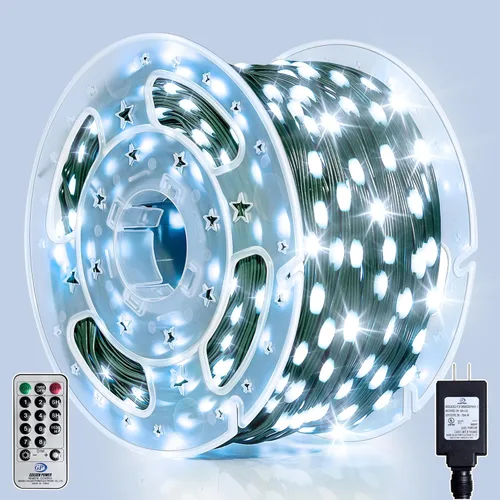 Miniatura 9 de Luces de Navidad para exteriores, 600 LEDs 59.99 m de luces de Navidad para árbol, impermeables IP67, 11 modos, luces festivas cálidas y Cable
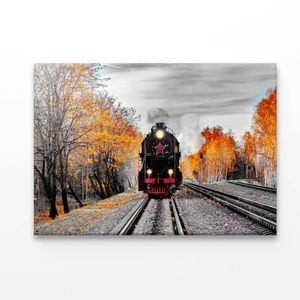 Scenic Autumn Steam Train  Print 100% Australian Made 50 x 40cm  (Acrylic)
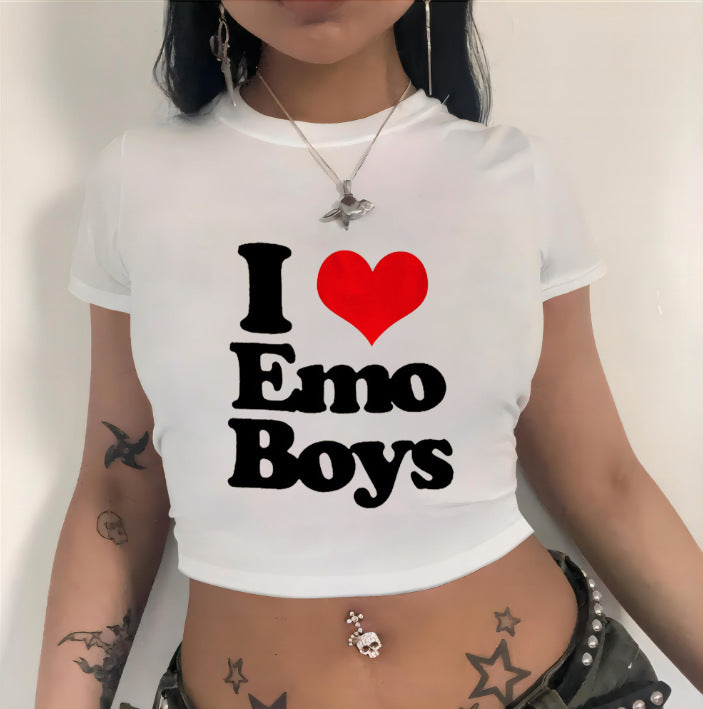 Damen Crop-T-Shirt mit künstlerischem Statementdruck Drune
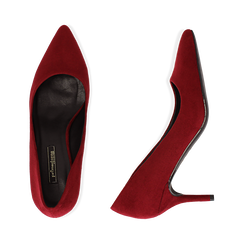 D&eacute;collet&eacute; bordeaux in microfibra, tacco 7 cm , Scarpe, 142111552MFBORD036, 003 preview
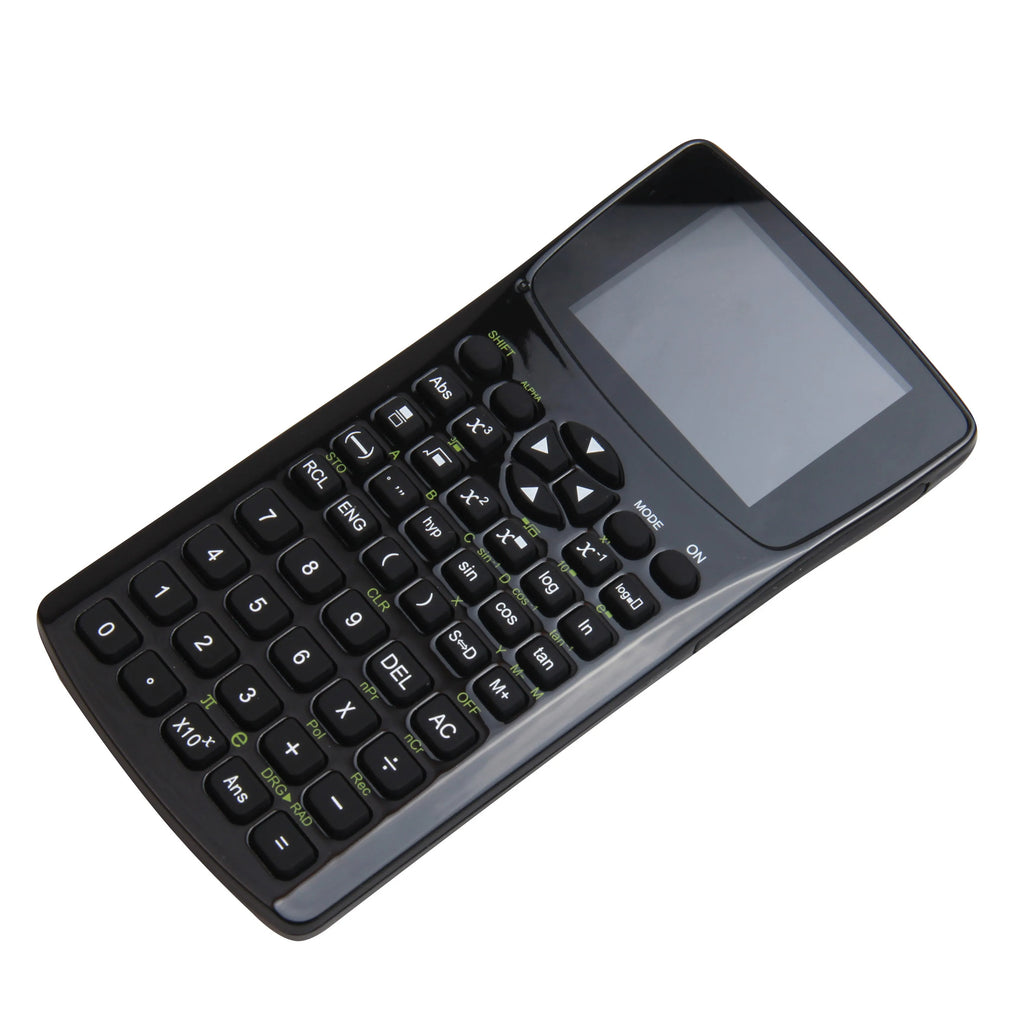 Black multifunctional e-book reader with 2.8cm colour screen showing multiple language options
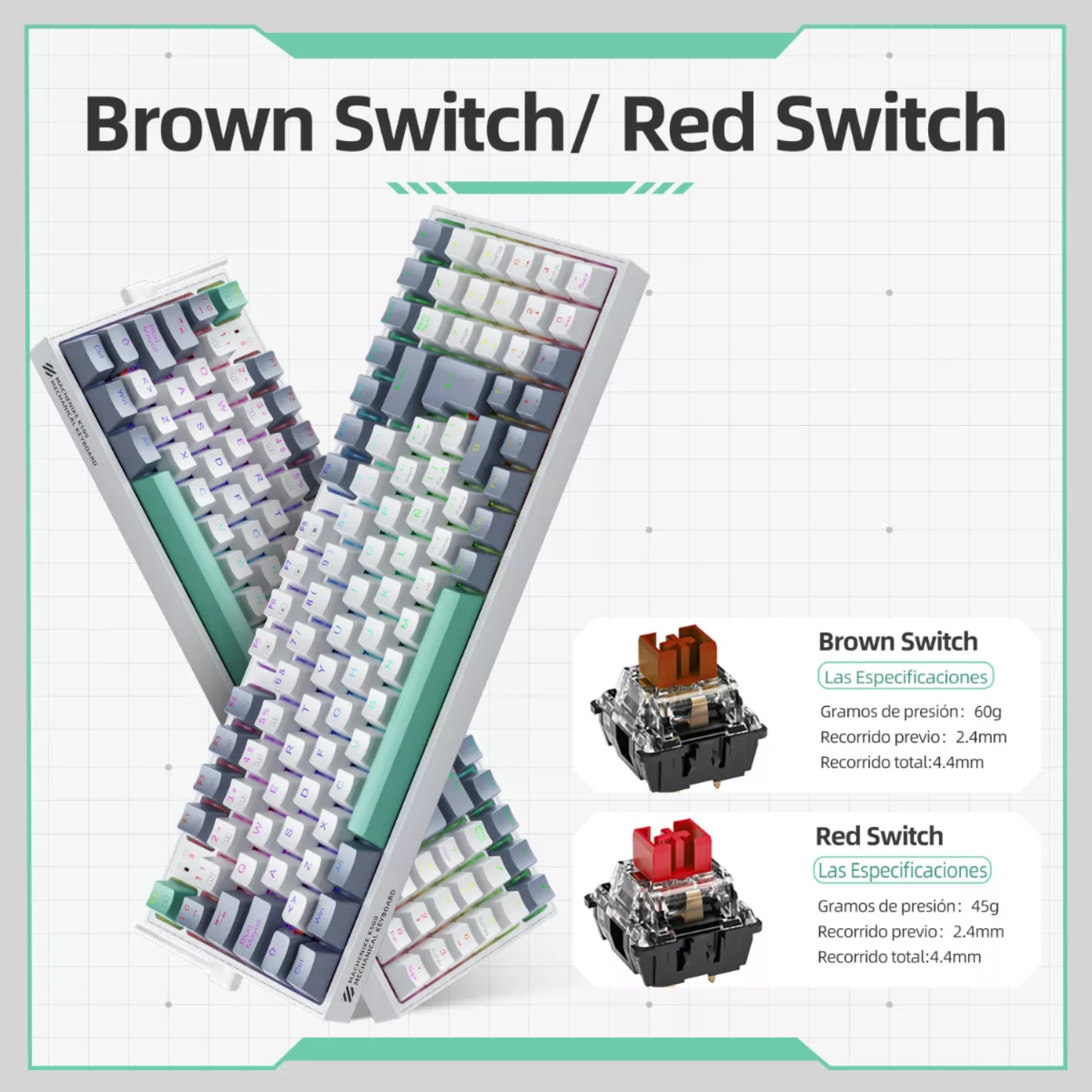 Teclado Mecánico K500 Gamer Alambrico Español Hot Swap Rgb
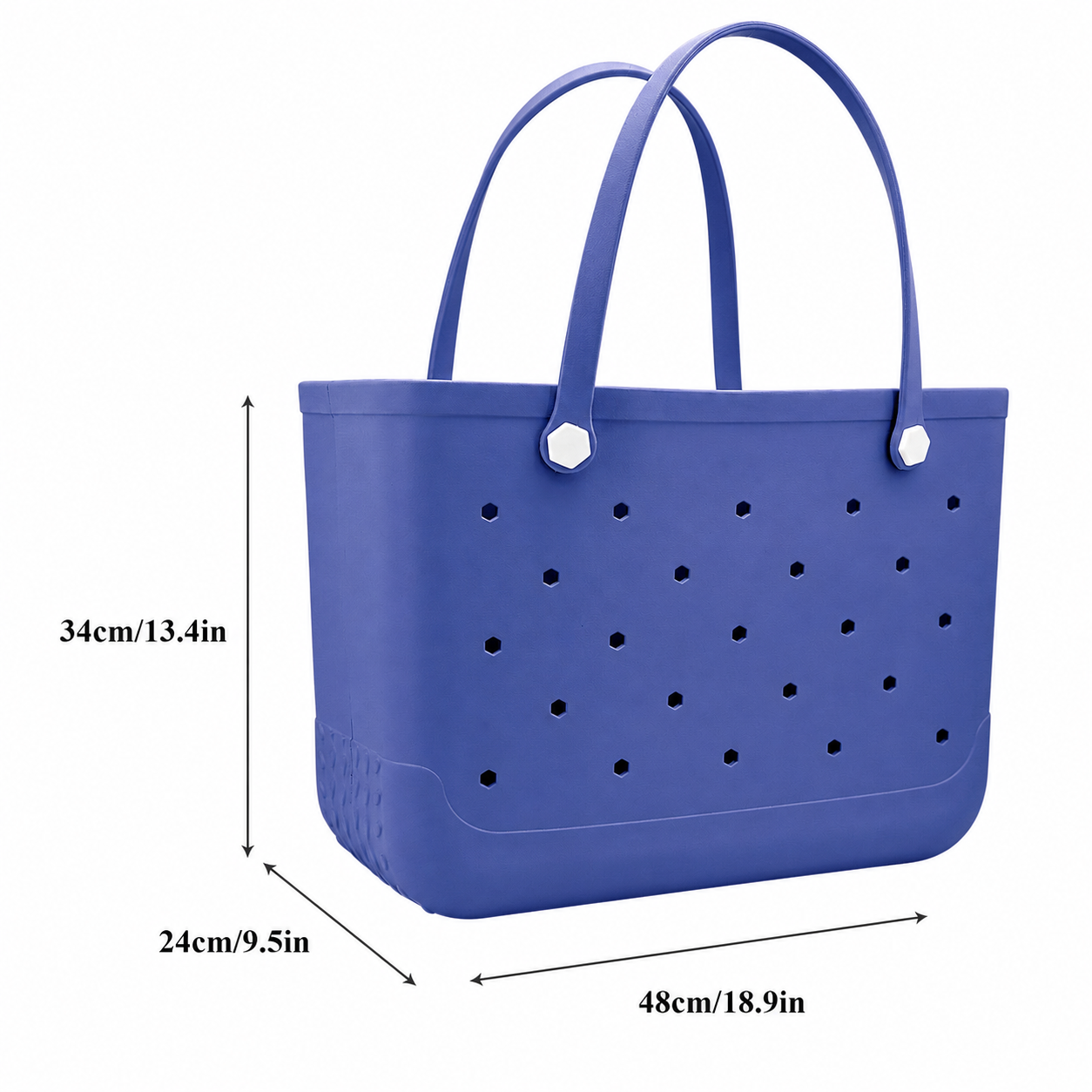 Waterproof Hexagon Mesh Beach Bag - Large Capacity Travel Storage Tote for Swimwear Towel Sunglasses - Royal Blue Large 48x34x24cm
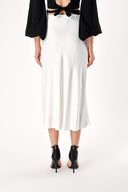 Beyaz Beli lastikli  etek 81248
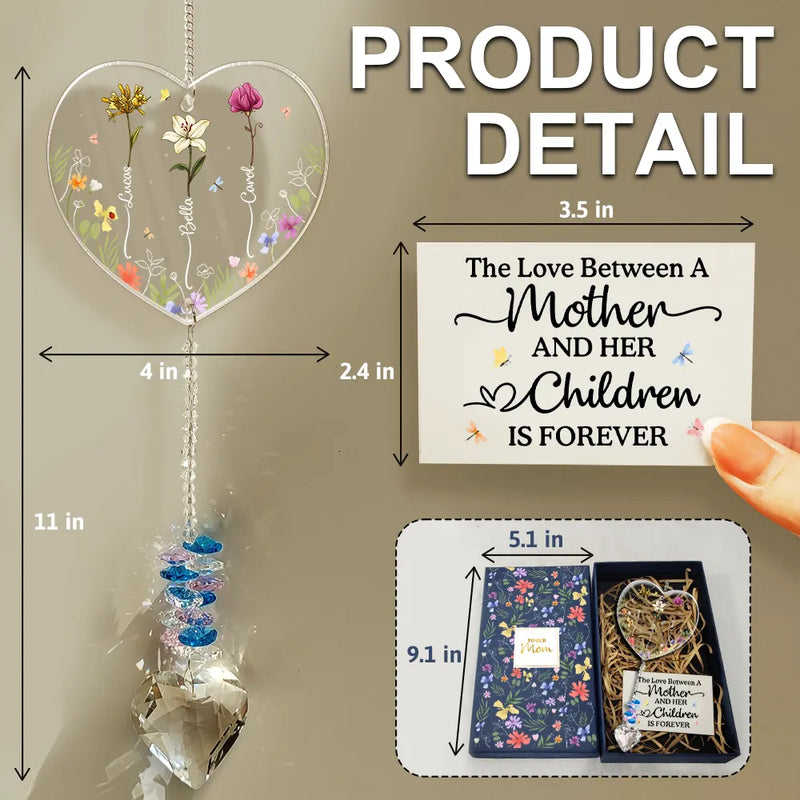 Gift For Mother,Mom - Daughters (Adult),Mom - Daughters (Young),Mom - Sons,Mom - Children,Gift For Daughter,Love - The Love Between A Mother And Her Children - Personalized Heart Crystal Suncatcher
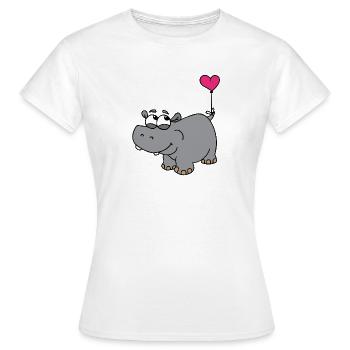 Nilpferd mit Herzballon - Frauen T-Shirt - Weiß - Vorne - AI Model Female 172 dark (172cm)
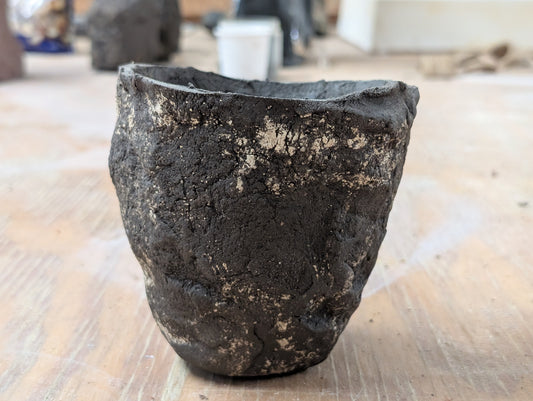 Ceramic Piece 1763: Handbuilt Black Stoneware Vessel - Textured & Raw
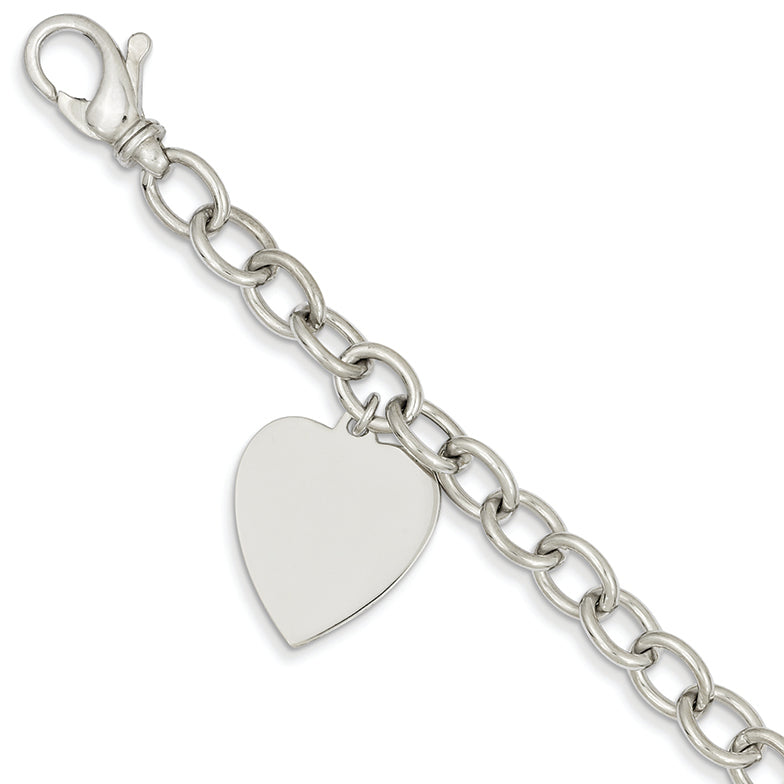 14K White Gold 8.5in Polished Engravable Link with Heart Charm Bracelet 8.5 Inches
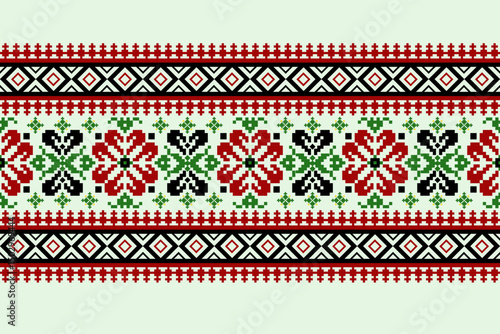 Geometric pixelated Arabic patterns on the fabric reflect the ornate and ethnicity,grid floral,grid colourful, backgrounds, seamless grid design for carpet,textile,textured,wallpaper,print,decorate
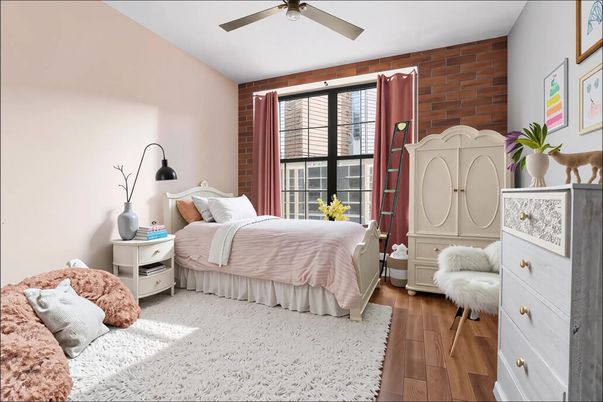 Bedroom, Interior, Stone Walls, Wood Texture Flooring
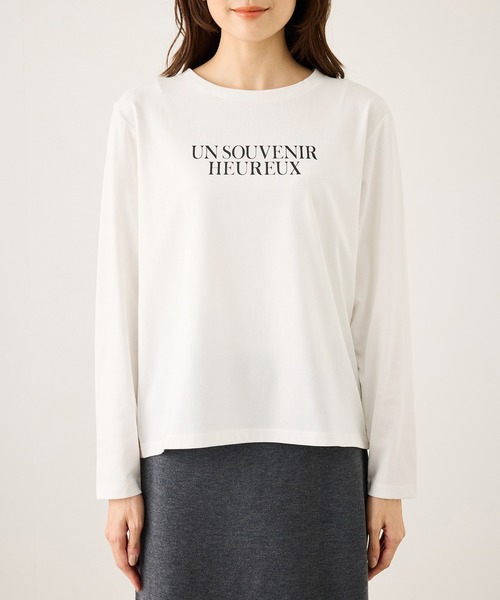 ROPE' PICNIC(ロペピクニック)の「汗染み防止アソートロゴロングスリーブTシャツ/UVカット・接触冷感(Tシャツ/カットソー・レディース・ホワイト/ホワイト系その他/ホワイト系その他2・FREE)」の10枚目の写真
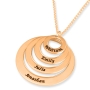 24K Rose Gold Plated English or Hebrew Name Rings Necklace - For Mom - 4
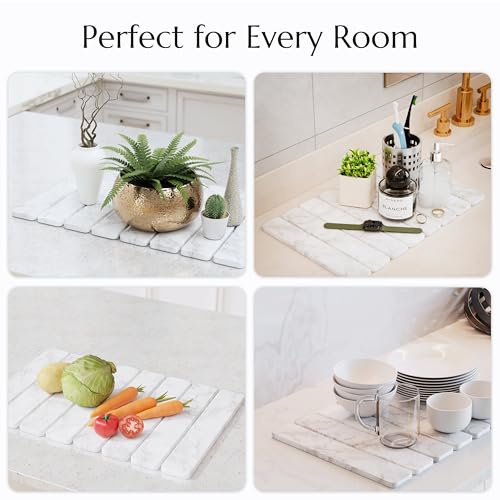 CHROME CLUB Stone Drying Mat for Kitchen Counter - Collapsible Diatomaceous Earth Dish Drying Stone - Fast Absorbent Stone Dish Drying Mat for Dishes and Pots (White Marble)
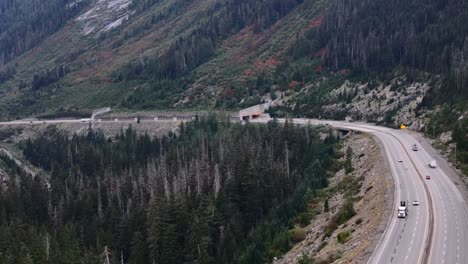 Traffic-Descending-Steep-Coquihalla-Highway-Slopes-toward-Great-Bear-Snow-Shed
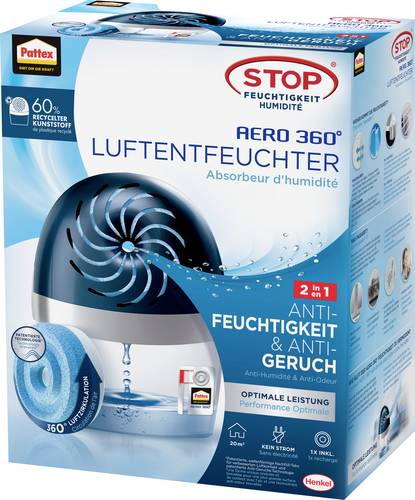 Pattex Aero360 Luftentfeuchter 50 m³ Weiß, Blau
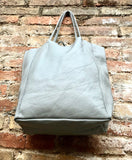 Tote leather bag in GRAY. Leather shopper in gray. Soft natural GENUINE leather . Large bag for your laptop, books. Gray leather shopper.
- - -
- **Work instruction**
With all pictures excluded, output exactly the lines from the one containing "CHROME CLUB Stone" through the final line of the entries, inclusive.

- **Answer for this exercise**
 CHROME CLUB Stone Drying Mat for Kitchen Counter - Collapsible Diatomaceous Earth Dish Drying Stone - Fast Absorbent Stone Dish Drying Mat for Dishes and Pots (White Marble)
 Traffic-Descending-Steep-Coquihalla-Highway-Slopes-toward-Great-Bear-Snow-Shed
 Pattex Aero360 Luftentfeuchter 50 m³ Weiß, Blau
 Tote leather bag in GRAY. Leather shopper in gray. Soft natural GENUINE leather . Large bag for your laptop, books. Gray leather shopper.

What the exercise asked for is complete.